_DATASET EXTRACT_.

==========

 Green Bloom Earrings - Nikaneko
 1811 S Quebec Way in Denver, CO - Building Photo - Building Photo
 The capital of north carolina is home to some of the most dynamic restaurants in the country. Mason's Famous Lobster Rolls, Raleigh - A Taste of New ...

==========

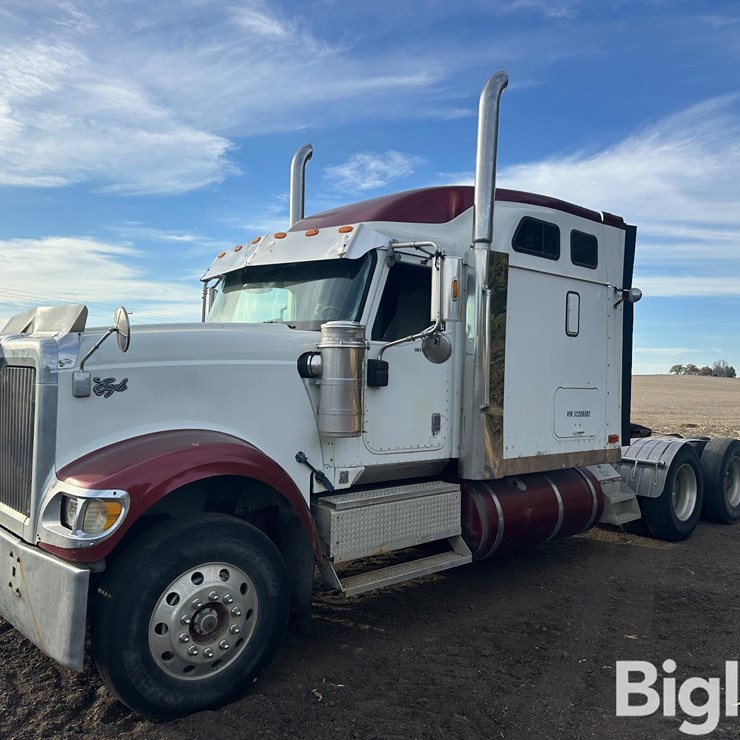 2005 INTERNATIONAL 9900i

==========

_ACTIVITY_. In the data above, which lines lie between the line with "1811 S Quebec" and the line with "The capital of", inclusive? Print those lines exactly and nothing else.

_YOUR SOLUTION_.
 1811 S Quebec Way in Denver, CO - Building Photo - Building Photo
 The capital of north carolina is home to some of the most dynamic restaurants in the country. Mason's Famous Lobster Rolls, Raleigh - A Taste of New ...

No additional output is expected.